Using the data below, output a verbatim copy of the lines between the one holding "We have covered" and the one holding "Hey everybody, what", inclusive, without any pictures.

Segment Open

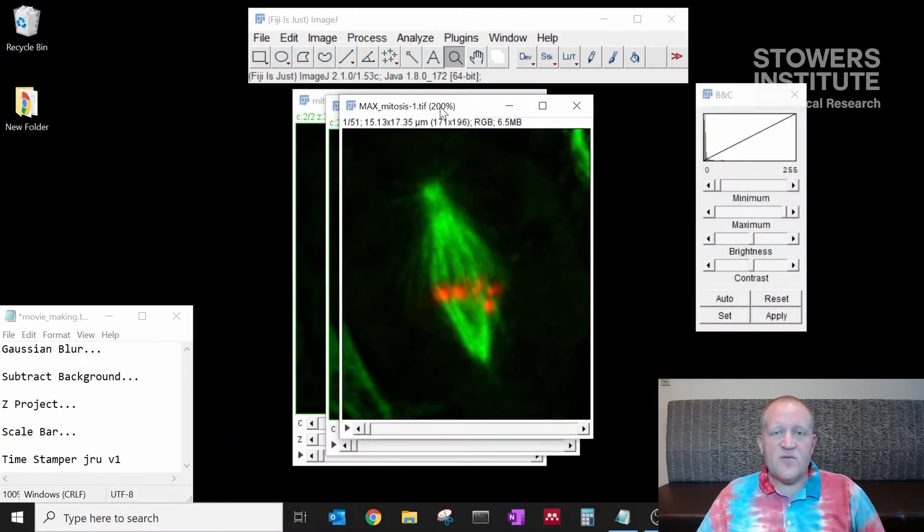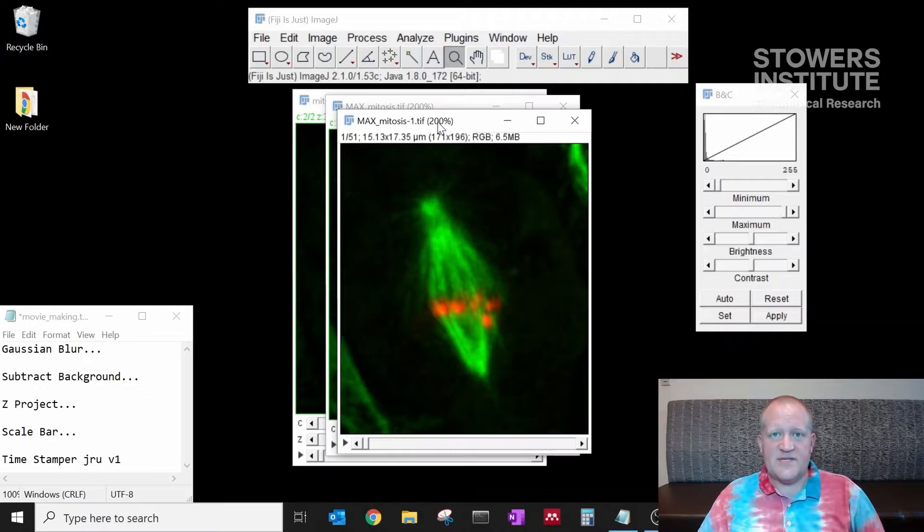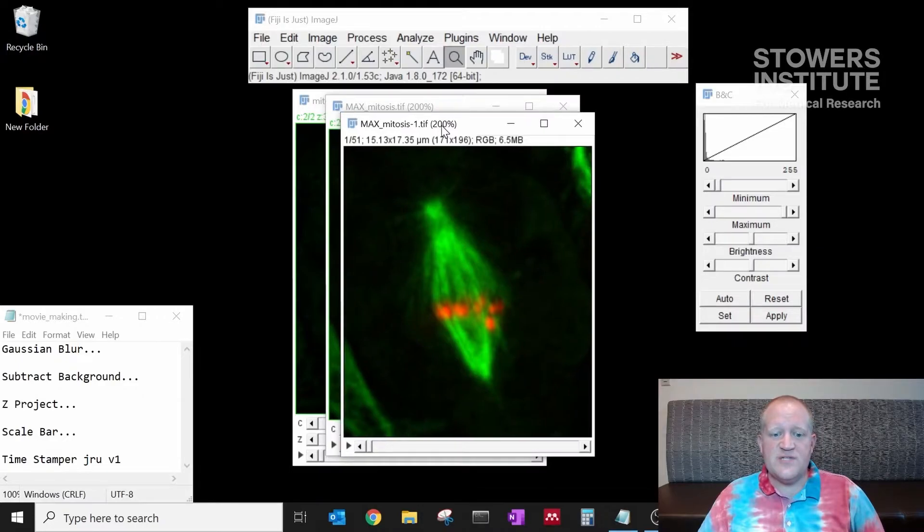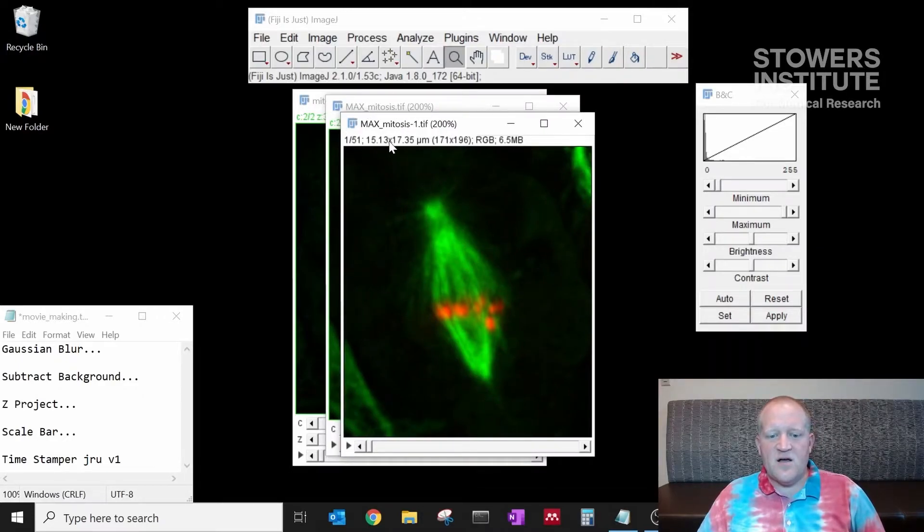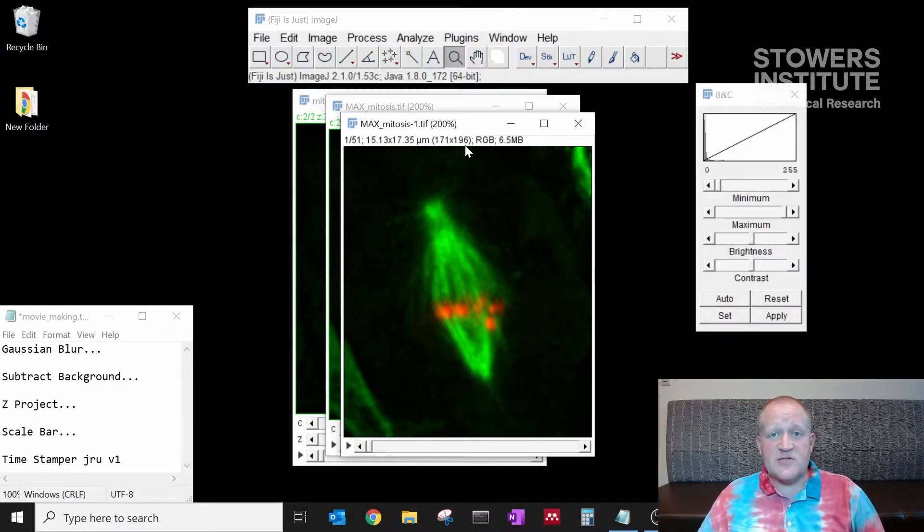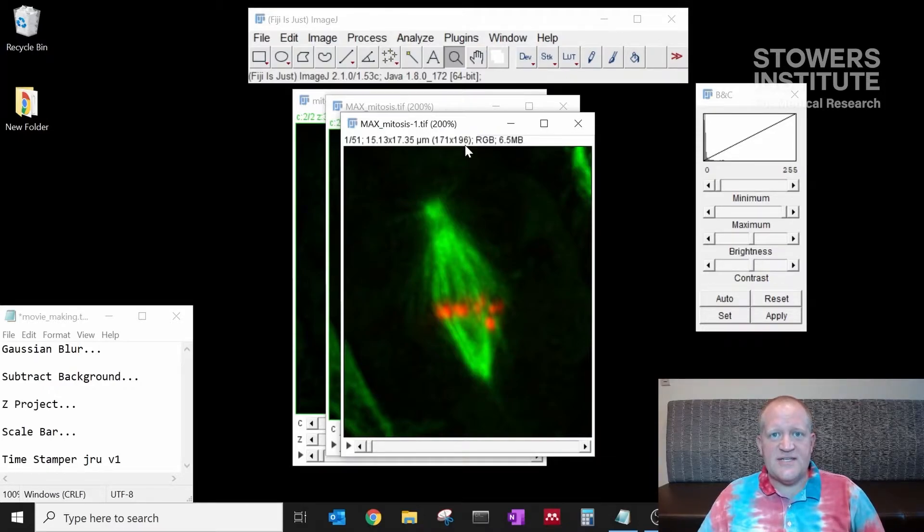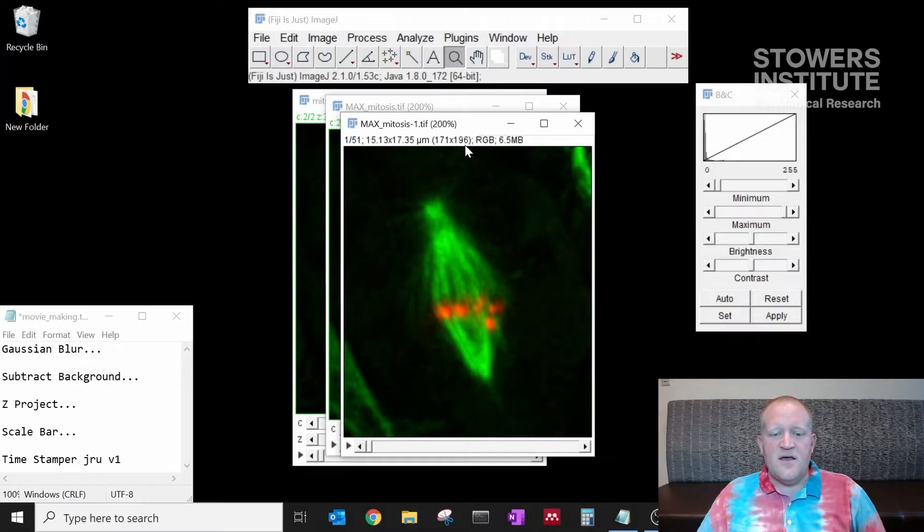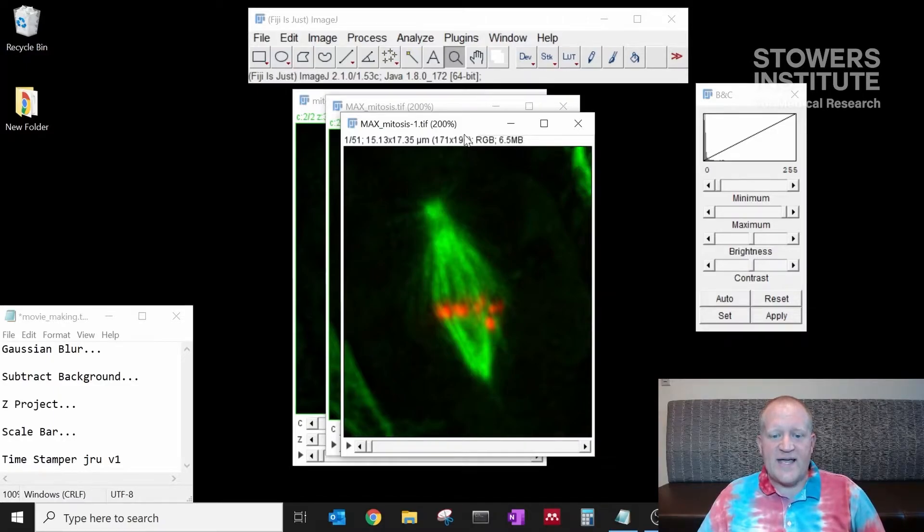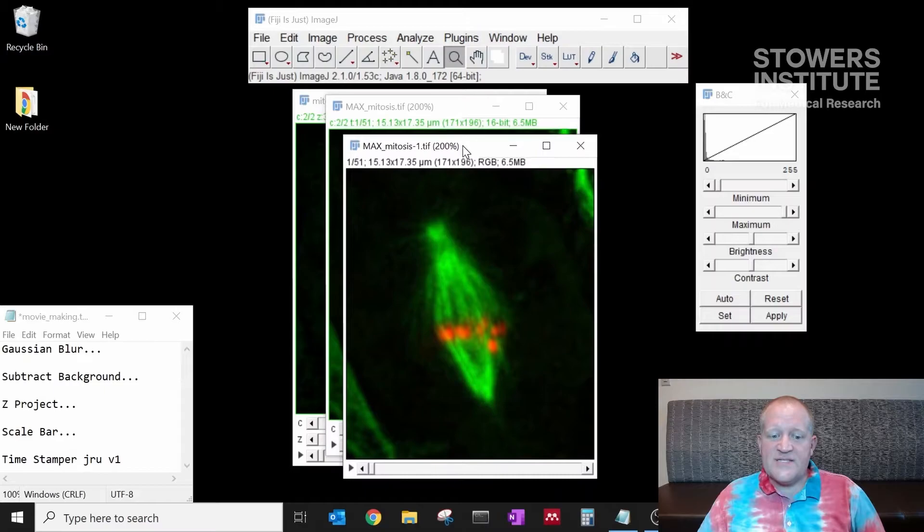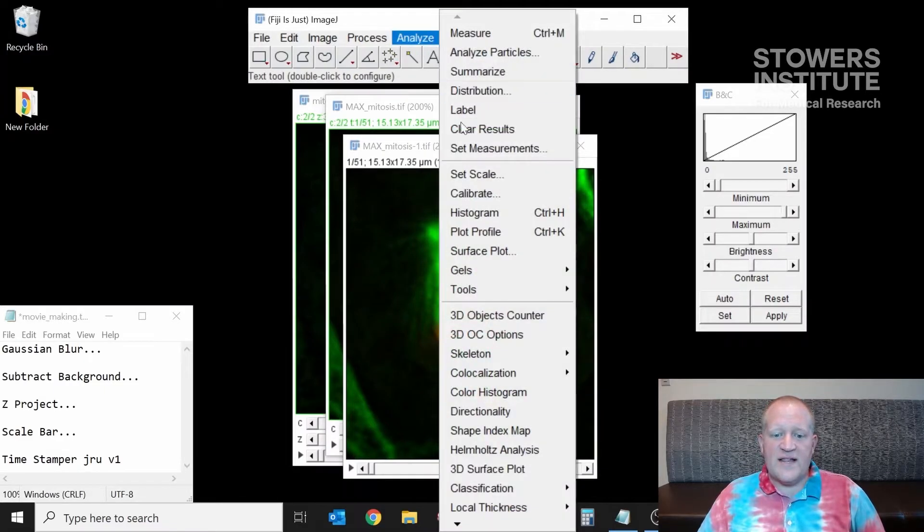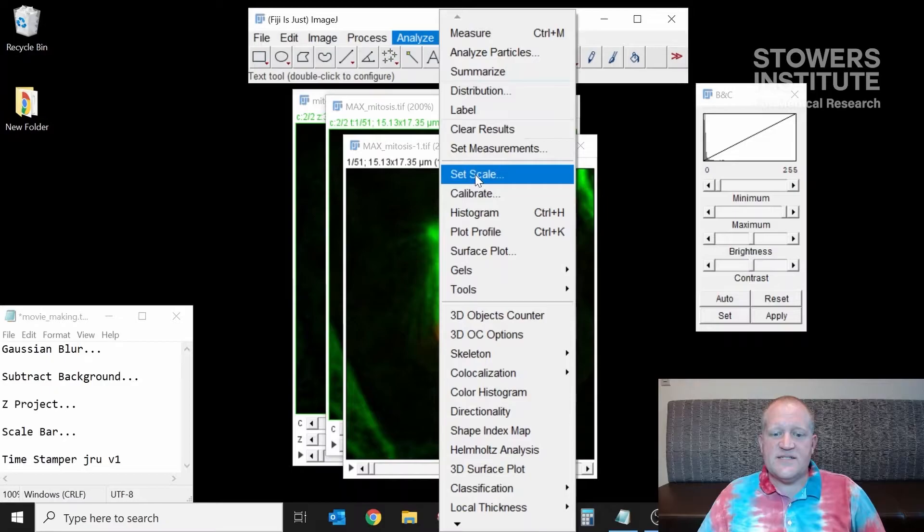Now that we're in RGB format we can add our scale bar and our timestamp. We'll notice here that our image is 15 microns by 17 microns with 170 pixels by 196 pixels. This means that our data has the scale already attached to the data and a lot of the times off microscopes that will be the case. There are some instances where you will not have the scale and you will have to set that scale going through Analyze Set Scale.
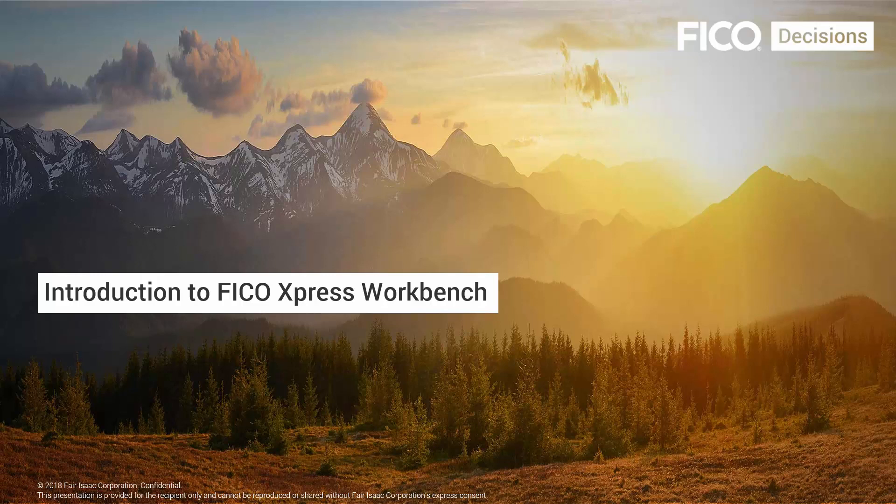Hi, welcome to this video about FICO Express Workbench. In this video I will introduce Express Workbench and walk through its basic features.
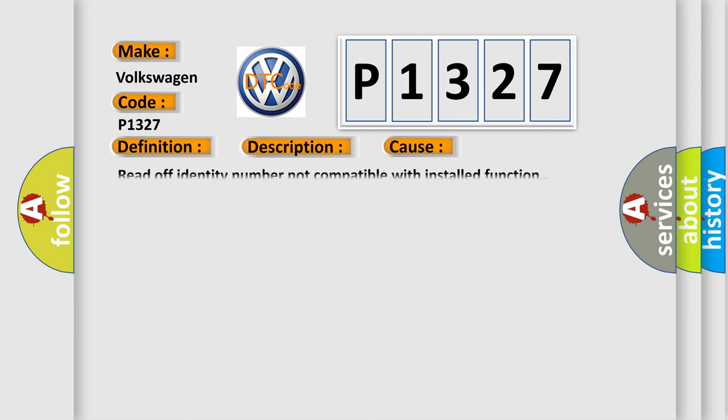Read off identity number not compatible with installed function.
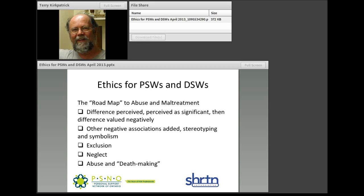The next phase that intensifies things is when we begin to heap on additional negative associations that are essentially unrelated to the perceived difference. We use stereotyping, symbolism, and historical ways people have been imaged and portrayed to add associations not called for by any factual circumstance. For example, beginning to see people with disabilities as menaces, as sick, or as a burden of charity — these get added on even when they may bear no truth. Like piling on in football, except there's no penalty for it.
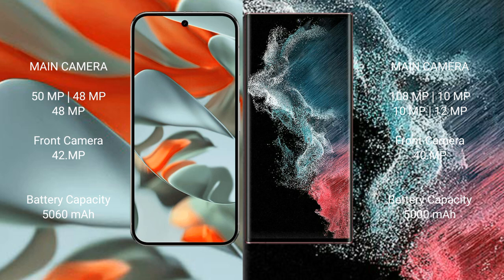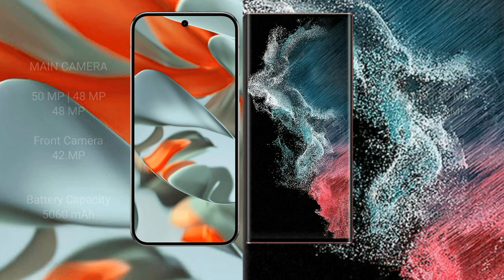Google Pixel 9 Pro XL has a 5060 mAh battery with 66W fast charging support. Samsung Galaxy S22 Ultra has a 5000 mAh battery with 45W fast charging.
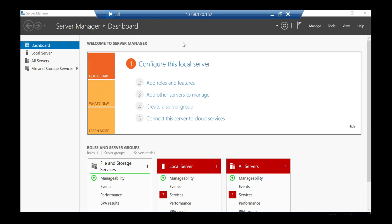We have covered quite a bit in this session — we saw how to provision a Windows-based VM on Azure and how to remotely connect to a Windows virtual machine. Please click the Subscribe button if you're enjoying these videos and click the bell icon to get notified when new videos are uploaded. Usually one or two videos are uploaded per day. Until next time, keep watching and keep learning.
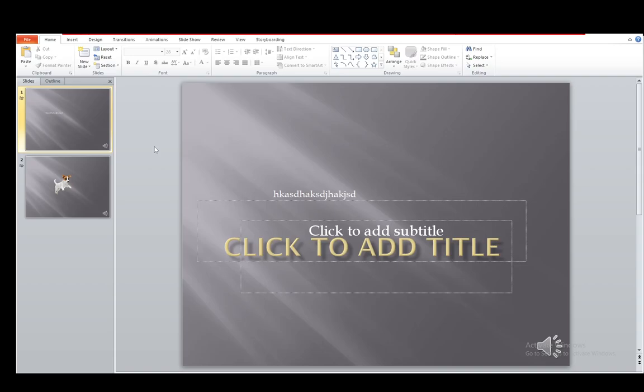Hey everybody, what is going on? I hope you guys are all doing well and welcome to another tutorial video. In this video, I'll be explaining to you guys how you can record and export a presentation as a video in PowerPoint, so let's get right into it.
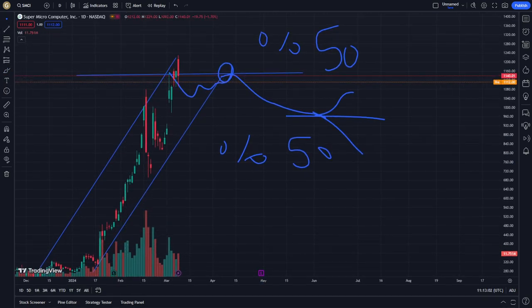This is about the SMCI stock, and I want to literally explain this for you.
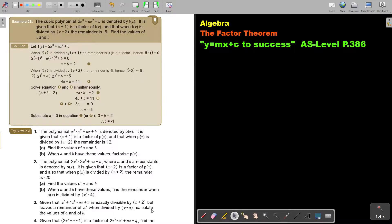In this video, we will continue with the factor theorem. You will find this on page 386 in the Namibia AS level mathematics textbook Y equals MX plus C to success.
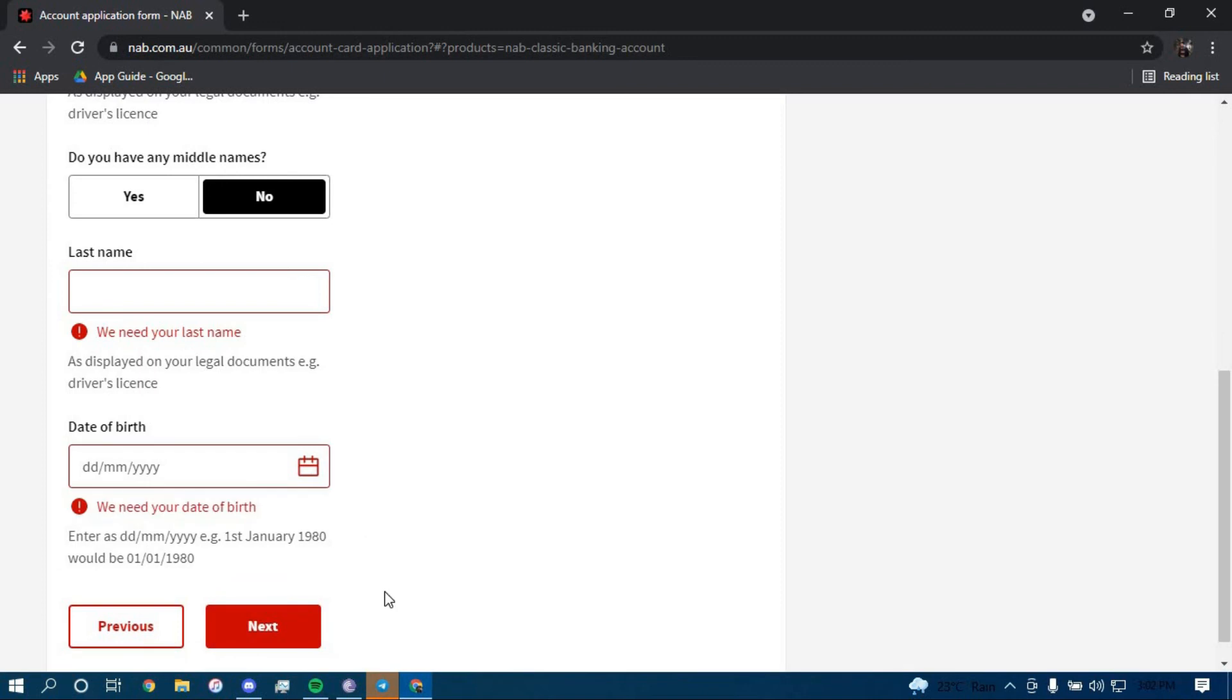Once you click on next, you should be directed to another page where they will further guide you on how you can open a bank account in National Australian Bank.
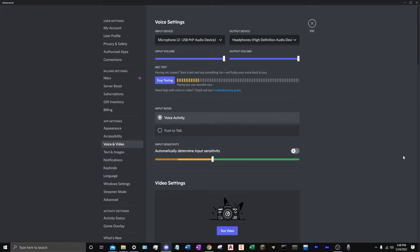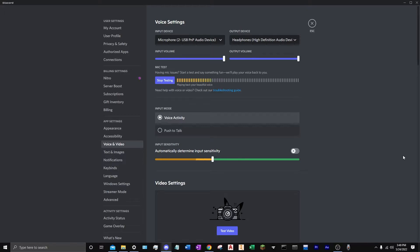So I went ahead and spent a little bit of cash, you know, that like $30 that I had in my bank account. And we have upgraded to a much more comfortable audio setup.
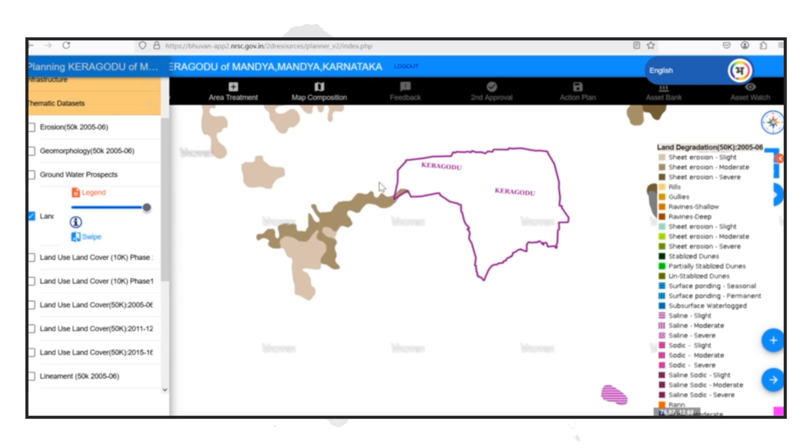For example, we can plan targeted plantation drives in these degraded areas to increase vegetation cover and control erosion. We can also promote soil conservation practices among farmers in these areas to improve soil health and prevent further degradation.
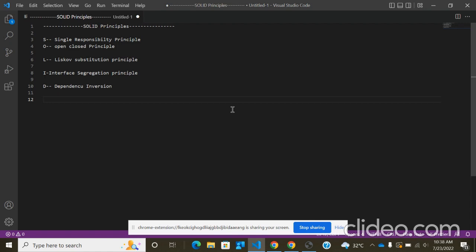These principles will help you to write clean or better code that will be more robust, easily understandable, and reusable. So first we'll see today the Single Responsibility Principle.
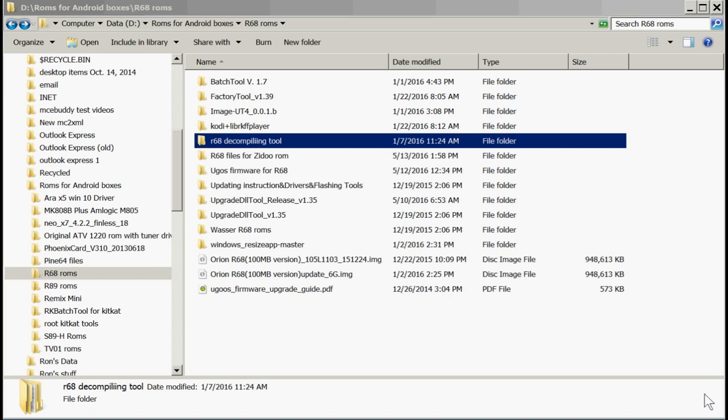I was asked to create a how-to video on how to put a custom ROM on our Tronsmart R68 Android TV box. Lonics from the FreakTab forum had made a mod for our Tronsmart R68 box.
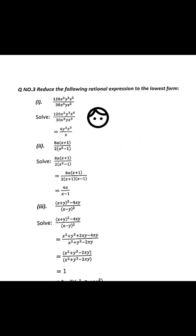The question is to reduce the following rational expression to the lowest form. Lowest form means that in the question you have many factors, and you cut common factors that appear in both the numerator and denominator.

Segment Closed

• _Answer below_:
We have covered quite a bit in this session — we saw how to provision a Windows-based VM on Azure and how to remotely connect to a Windows virtual machine. Please click the Subscribe button if you're enjoying these videos and click the bell icon to get notified when new videos are uploaded. Usually one or two videos are uploaded per day. Until next time, keep watching and keep learning.
Hey everybody, what is going on? I hope you guys are all doing well and welcome to another tutorial video. In this video, I'll be explaining to you guys how you can record and export a presentation as a video in PowerPoint, so let's get right into it.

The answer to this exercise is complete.